Kita jangan terjebak pada wacana mengenai sentralisasi dan desentralisasi riset. Ukurannya jelas. Jika dalam dua-tiga tahun pusat riset hasil peleburan tidak menghasilkan karya unggul, berarti konsep BRIN gagal.
Oleh
REDAKSI
·2 menit baca
Dalam kurun dua dasawarsa terakhir, tidak ada wacana kebijakan riset yang heboh, seperti halnya yang menyangkut Badan Riset dan Inovasi Nasional atau BRIN.
Kontroversi tak hanya lembaganya, tetapi juga sosok kepala, ketua dewan pengarah, dan konsekuensi kebijakannya. Terakhir adalah absorpsi Lembaga Eijkman setelah terjadi pada institusi yang sudah lama eksis, seperti Lembaga Ilmu Pengetahuan Indonesia (LIPI) dan Badan Pengkajian dan Penerapan Teknologi (BPPT).
Sejumlah kalangan, terutama cendekiawan, menggalang dukungan menolak peleburan Eijkman ke dalam BRIN. Sebab, selain akan mengganggu proses riset, juga berimplikasi pada terpinggirkannya sejumlah tenaga dan staf serta menghilangkan roh penelitian lembaga. Eijkman sejauh ini memuncaki penolakan dan protes publik tentang sentralisasi riset.
Pendukung sentralisasi berargumen, dengan desentralisasi, di tengah dana terbatas, riset tak menghasilkan karya signifikan. Keluaran hasil riset relatif kecil dibandingkan negara tetangga yang maju. Indeks sitasinya pun kecil. Kontribusi Indonesia untuk pengembangan ilmu pengetahuan juga kecil.
Padahal, melihat potensinya, ada banyak sains dan teknologi yang bisa diangkat menjadi topik riset unggul, mulai dari riset tentang vulkanologi dan cincin api, tanaman hortikultura, energi terbarukan, juga tentang kesehatan masyarakat yang relevan dengan upaya penanggulangan Covid-19, misalnya.

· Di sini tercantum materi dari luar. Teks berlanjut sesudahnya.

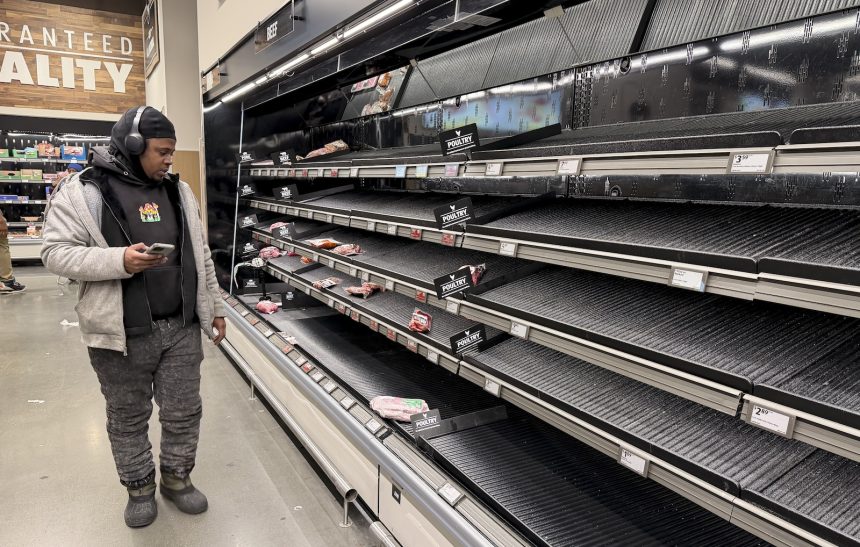 Panic buying ahead of the winter storm isn’t preparedness. Here’s who it hurts.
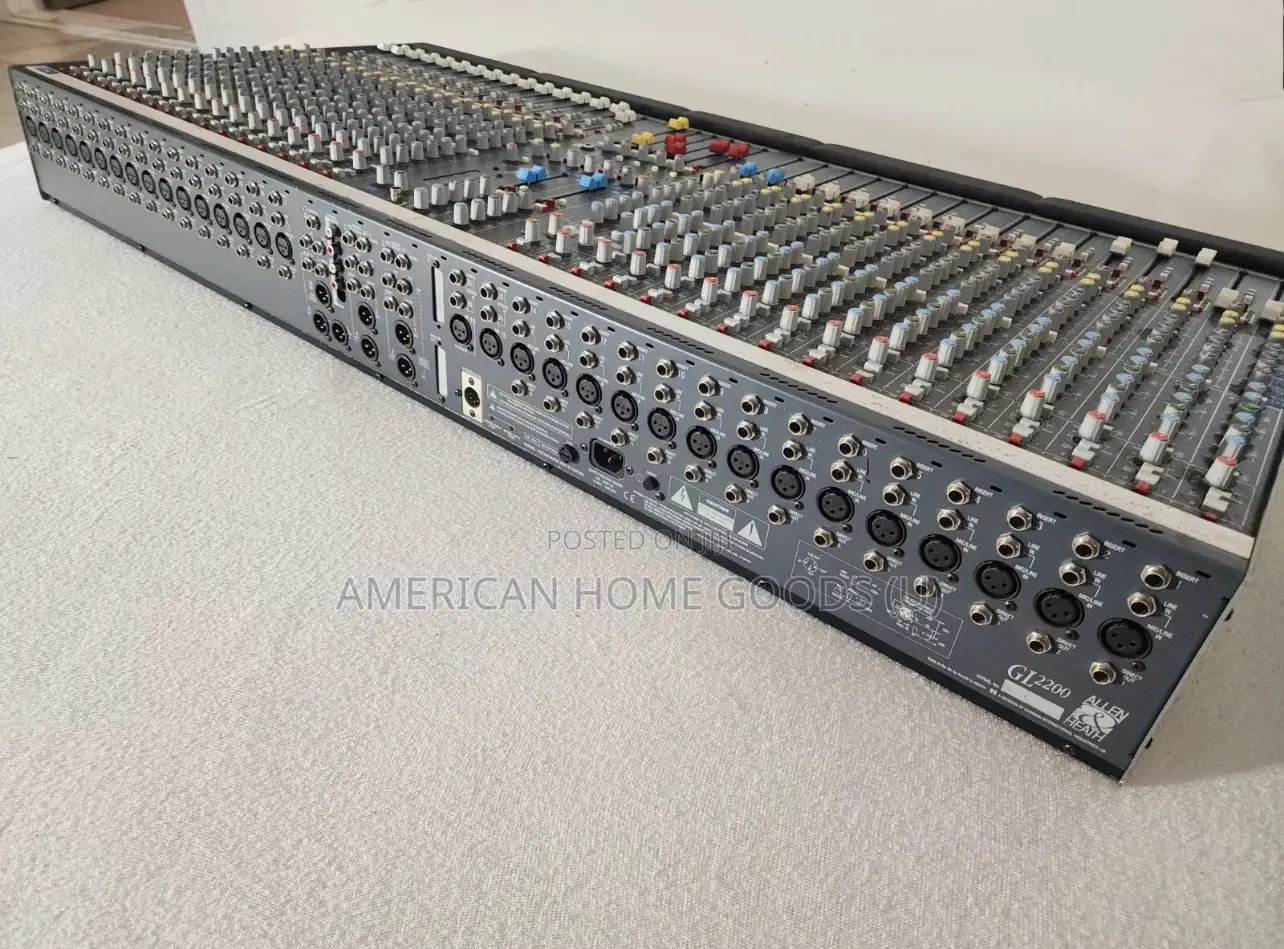 Professional Allen and Heath Gl2200, 24-Channel Mixer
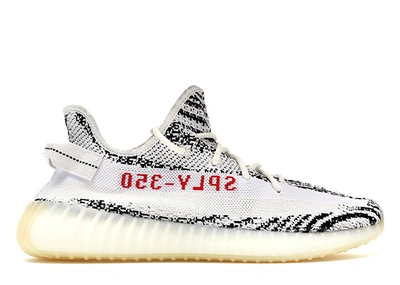Pre-owned Adidas Originals Yeezy Boost 350 V2 Zebra In White/core Black/red  | ModeSens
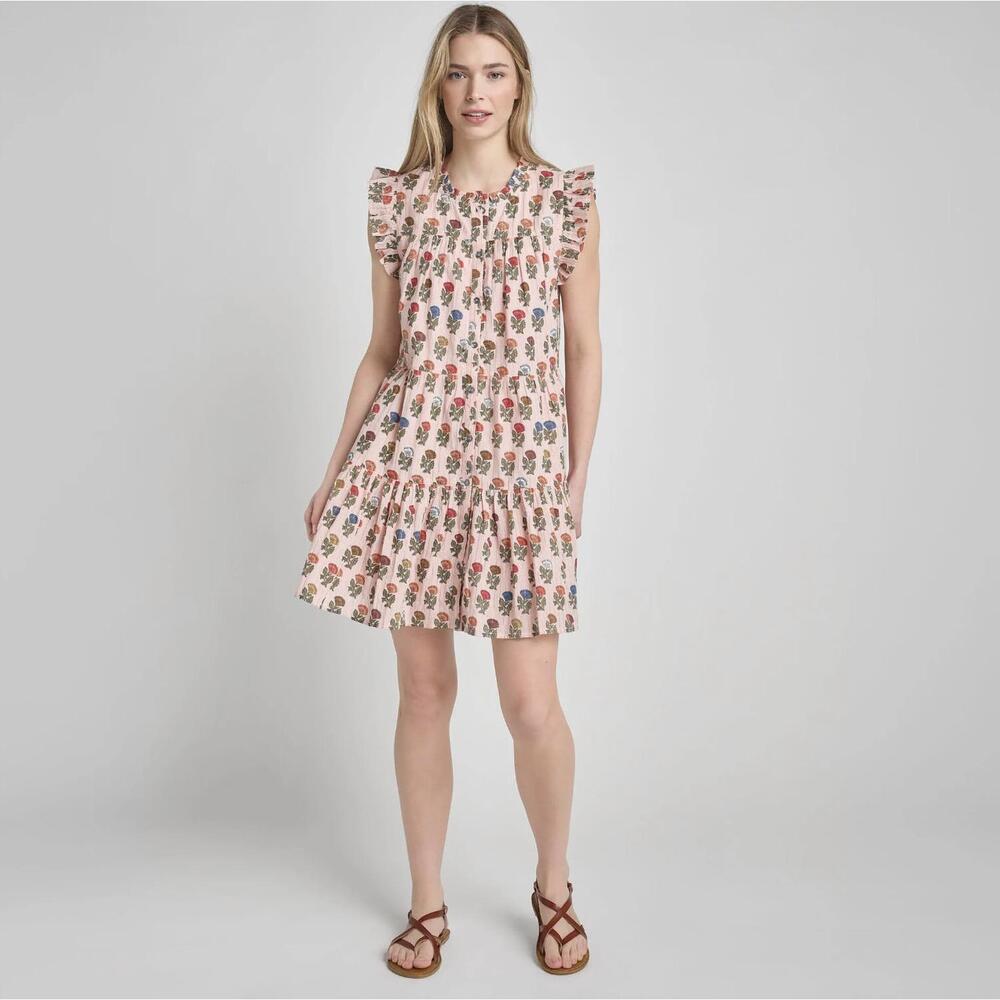 NEW PINK CHICKEN women's kalani dress in multi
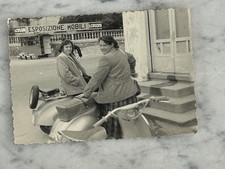 VESPE PIAGGIO GS -FARO BASSO 1957 VECCHIA FOTOGRAFIA OLD PHOTOGRAPH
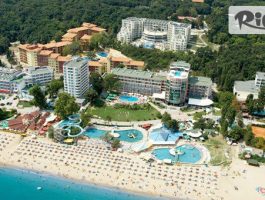 Специална оферта за Почивка в Златни пясъци от 14 до 27 Юни и от 2 до 10 Септември на ТОП цена! All Inclusive нощувка + басейн и Безплатно за дете до 12 г., от обновения Парк-хотел Голдън Бийч 4*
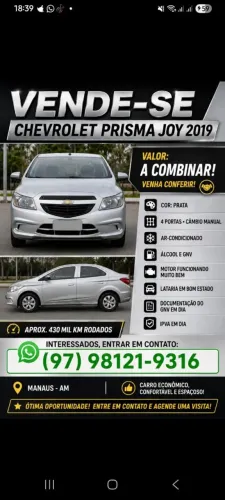 Chevrolet Prisma Sed. Joy/ LS 1.0 8V Flexpower 4P 2019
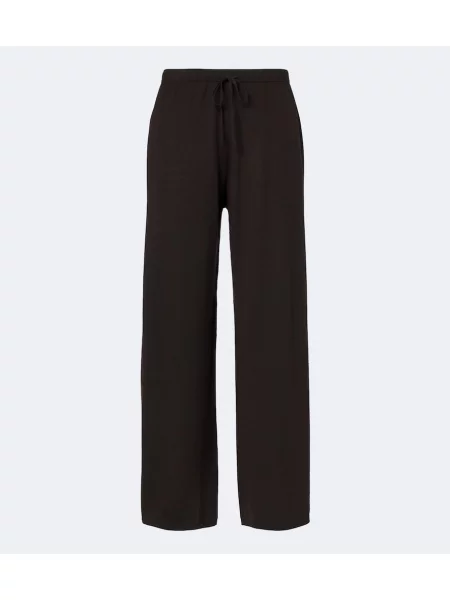 Pantaloni Leset de lână maro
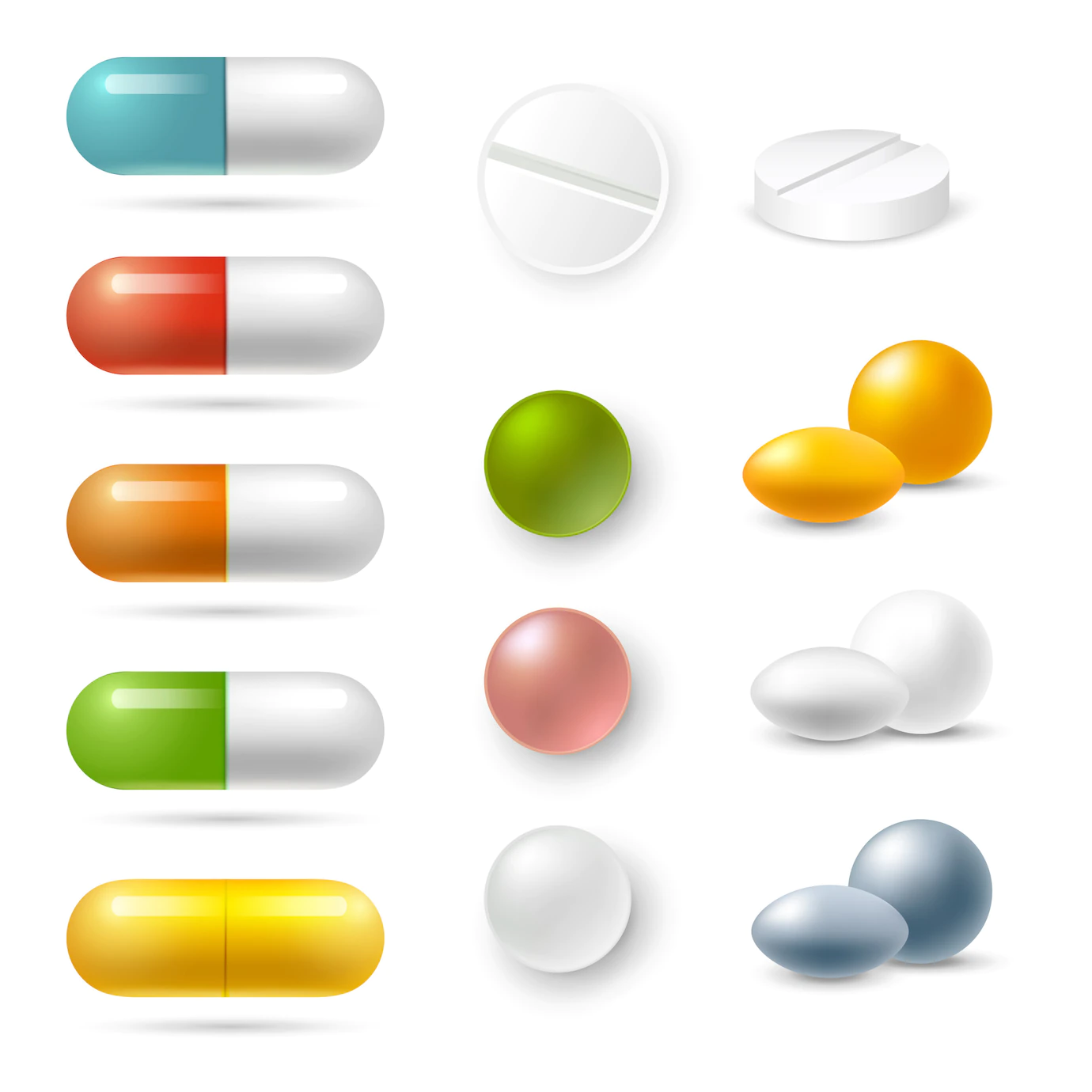 Pills Icons Set 1284 6752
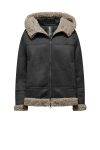 Giacca con cappuccio effetto shearling Bomboogie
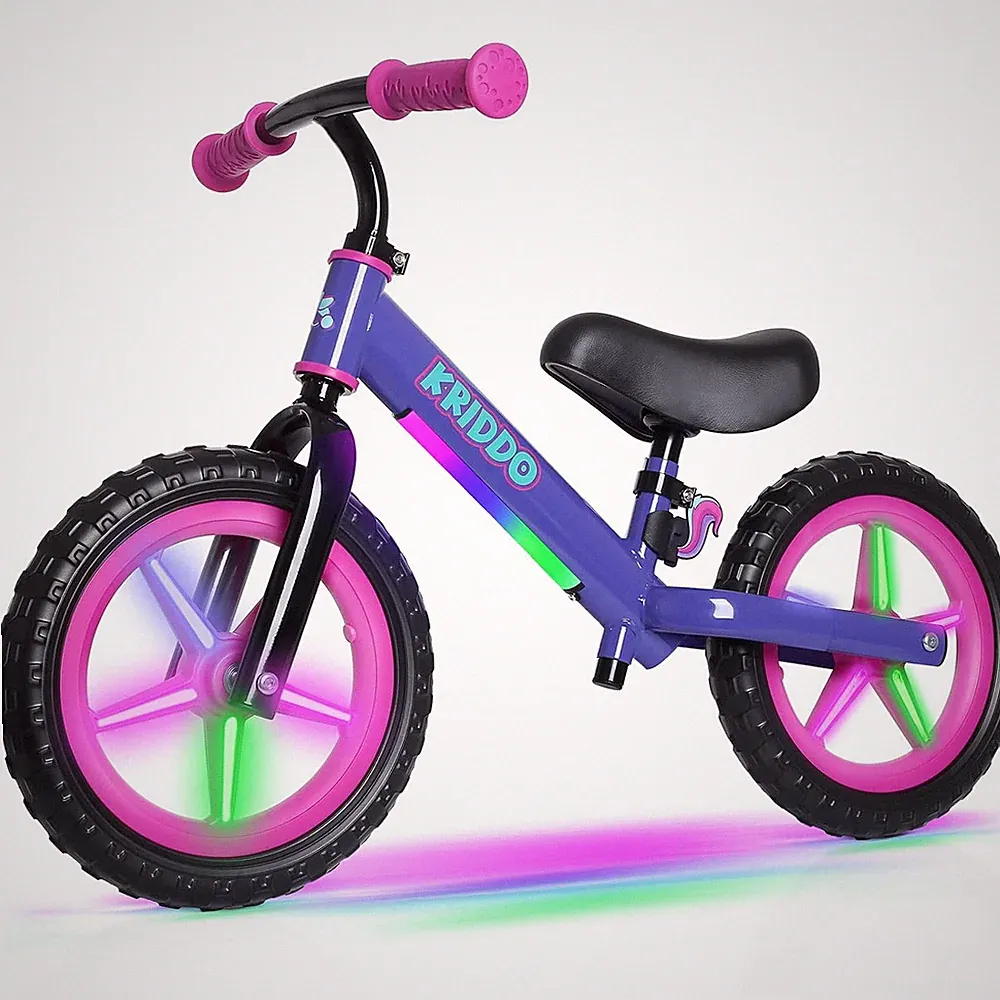 Purple Toddler Balance Bike for Ages 2-5, Adjustable Seat & Handlebar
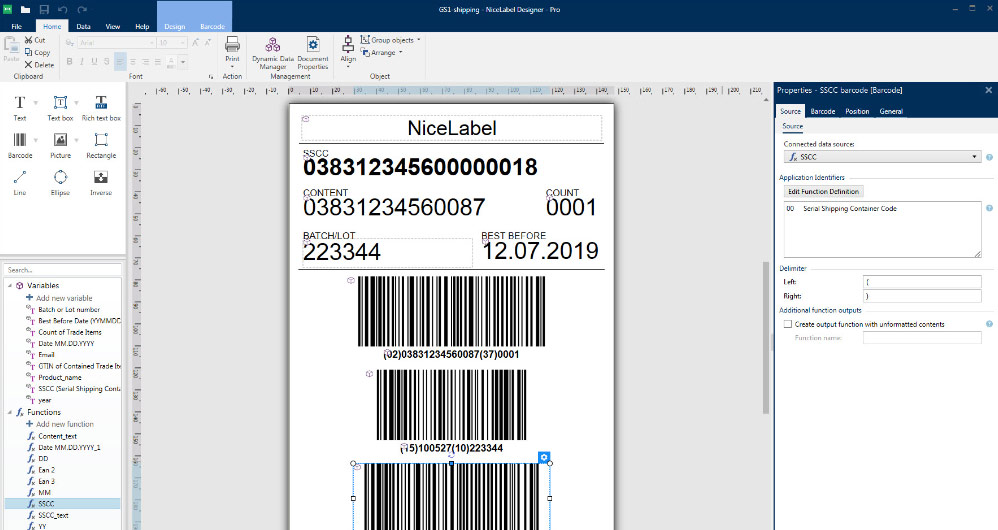 Créez Facilement Des étiquettes Et Codes à Barres Avec Un Logiciel Professionnel Nicelabel 5057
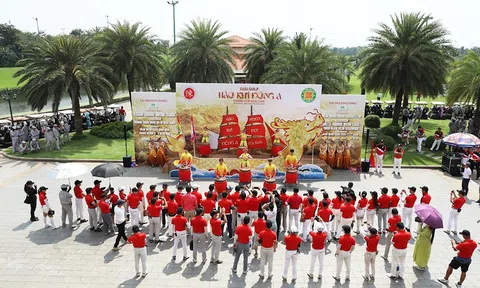 Giải Golf họ Trần Hào khí Đông A -  Cup Hoa Linh 2022 thu hút 216 golfer tham gia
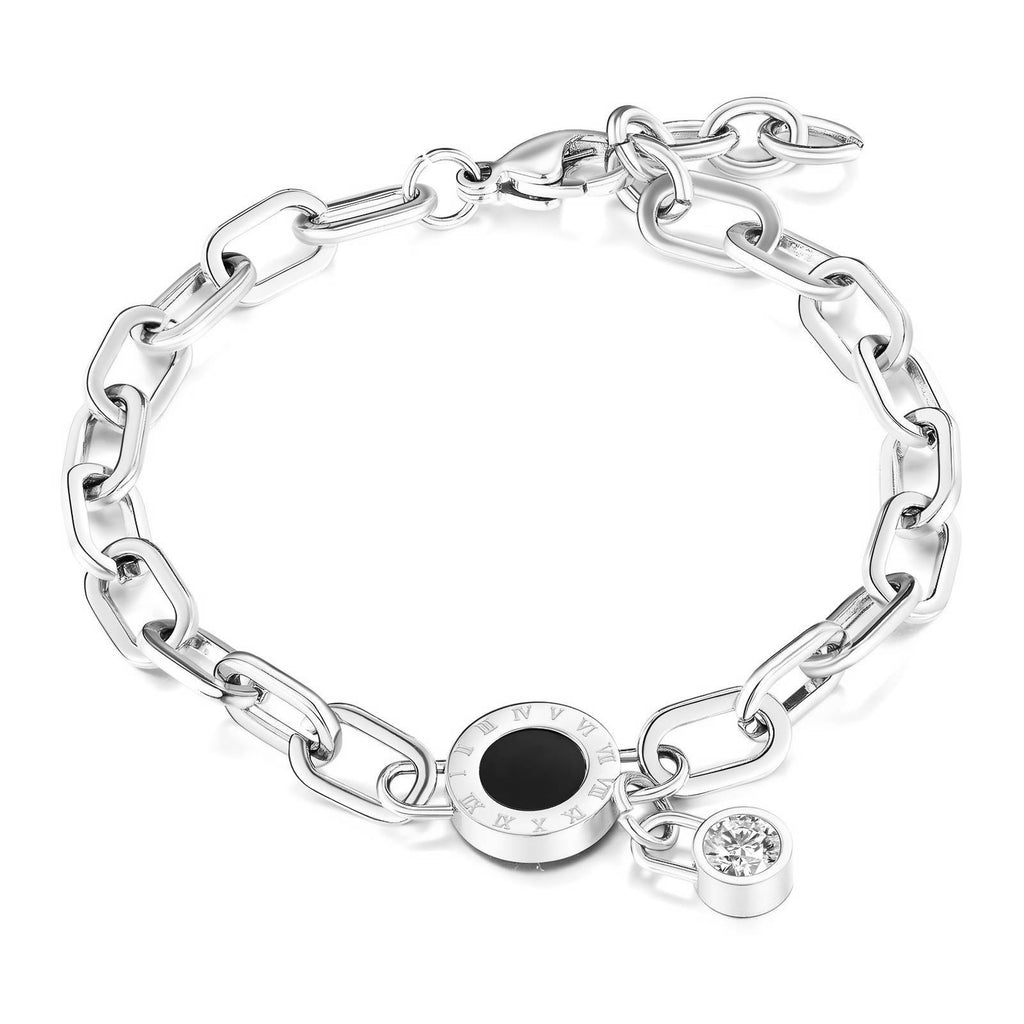 Maglina "Roma Noir" Bracelet , Armband, Edelstahl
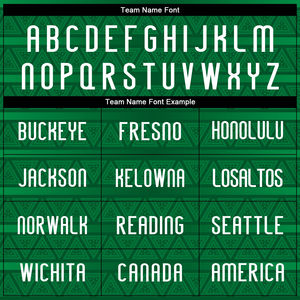 Uniformes de Voleibol Personalizables con Diseño Único, de Alta Calidad, Transpirables, en Poliéster Verde Kelly y Blanco, con Sublimación Geométrica - Product Image 4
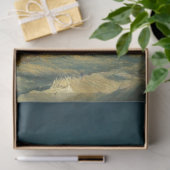 Decoupage Santa & Reindeer Sleighing in Night Sky Tissuepapier (Geschenk)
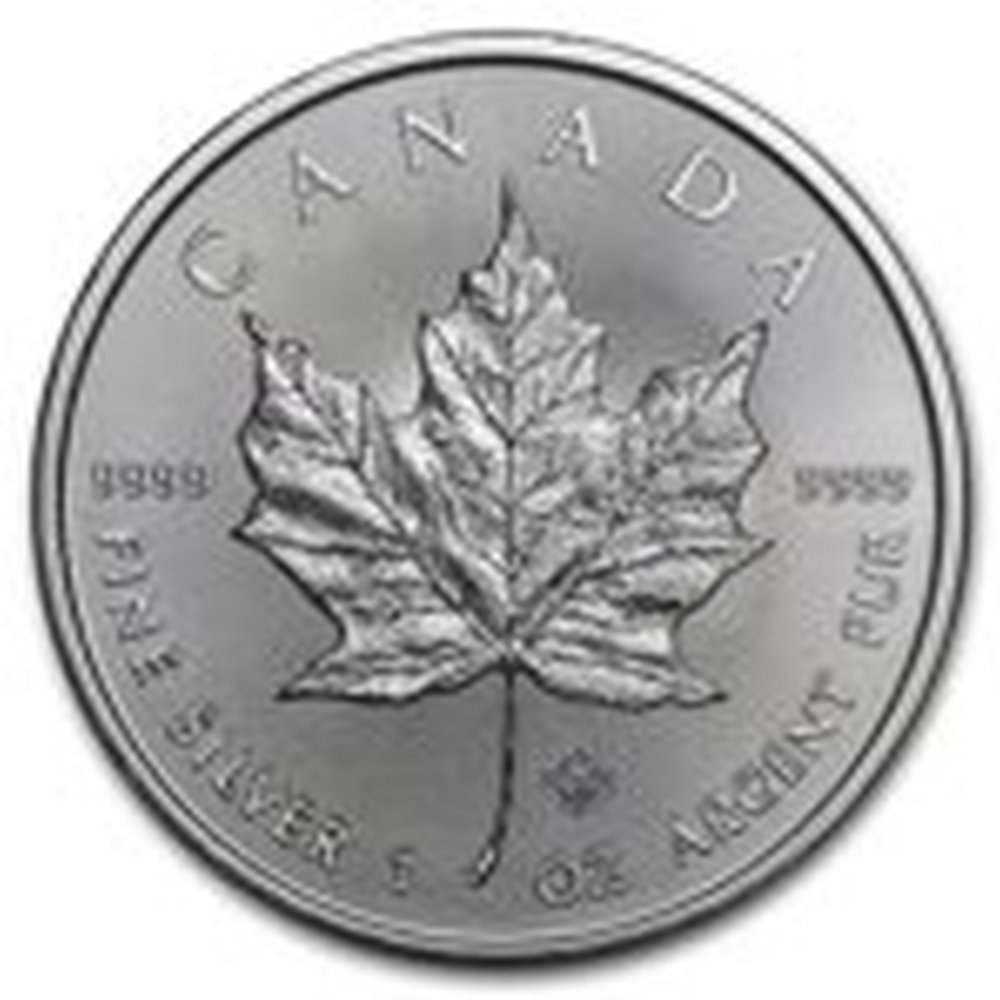 Moneta Kanadyjski Liść Klonowy 25 x 1 uncja srebra TUBA MENNICZA - wysyłka 24 h!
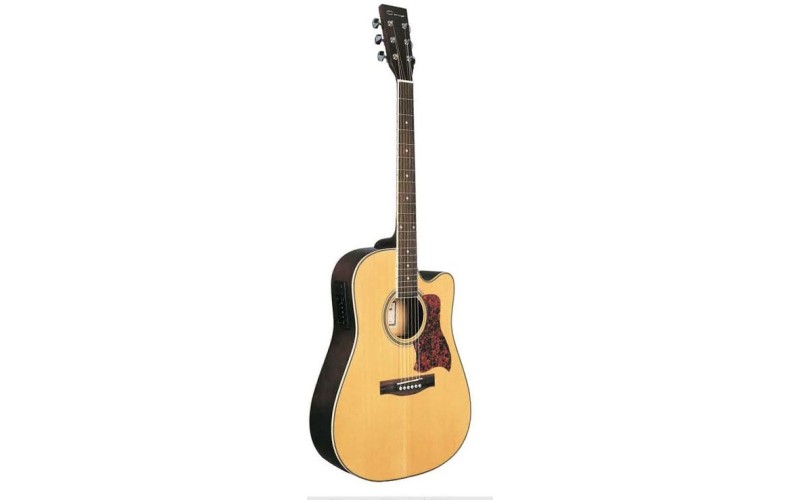 Caraya F641EQ-N Электроакустическая гитара, с вырезом, натуральный
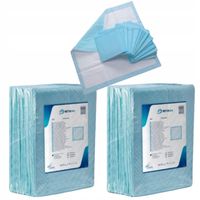 Podkłady Higieniczne Chłonne na Łóżko 90x60 cm 50 szt GRUBE i MOCNE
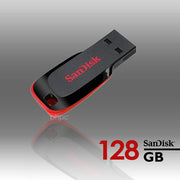 Sandisk Cruzer Blade CZ50 128GB USB Flash Drive V28-FUSSAN128GCZ50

Alih-alih menghasilkan dampak fenomenal, riset Indonesia bisa dibilang nirgaung alias melempem. Komoditas penting bagi kesejahteraan masyarakat masih banyak yang diimpor, buah-buahan tropis populer tidak muncul dari negara kita.
Kita fair. Kondisi kurang prestasi dalam riset, selain laporan hasil penelitian menumpuk tinggi, tak sepenuhnya salah peneliti. Pemerintah yang semestinya mendukung inovasi dalam negeri acap menafikan dengan regulasi yang tak memungkinkan temuan riset mendekati hilir, apalagi sukses di pasaran.
Kondisi kurang prestasi dalam riset, selain laporan hasil penelitian menumpuk tinggi, tak sepenuhnya salah peneliti.
Atas dasar minimnya prestasi riset nasional di tengah gelombang besar perubahan yang disebabkan oleh kemajuan teknologi digital, atau datangnya Revolusi Industri 4.0, pemerintahan Presiden Joko Widodo memandang perlu dilakukannya tata ulang pranata riset di Tanah Air.
BRIN sebagai alternatif wajar diberi kesempatan mendinamisasi aktivitas riset dan inovasi nasional. Salah satu pilihan kiprahnya, seandainya bisa memutar balik jarum jam, semestinya memilih bidang yang dibutuhkan Indonesia, menggalang sumber daya, dan memacu menghasilkan produk inovasi cemerlang.
Namun, kita saksikan BRIN lebih suka menata yang ada. Dengan personalia elitenya yang dirasa kurang akseptabel, lengkap sudah potensi BRIN untuk menjadi institusi yang minimal kontroversial, kalau bukan ”disliked”.
Di bidang sains, teknologi, dan sosial-ekonomi, dunia kini sedang menyongsong hadirnya era kemajuan baru. Kita jangan terjebak pada wacana mengenai sentralisasi dan desentralisasi riset. Ukurannya jelas. Jika dalam dua-tiga tahun pusat riset hasil peleburan tidak menghasilkan karya unggul, berarti konsep BRIN gagal.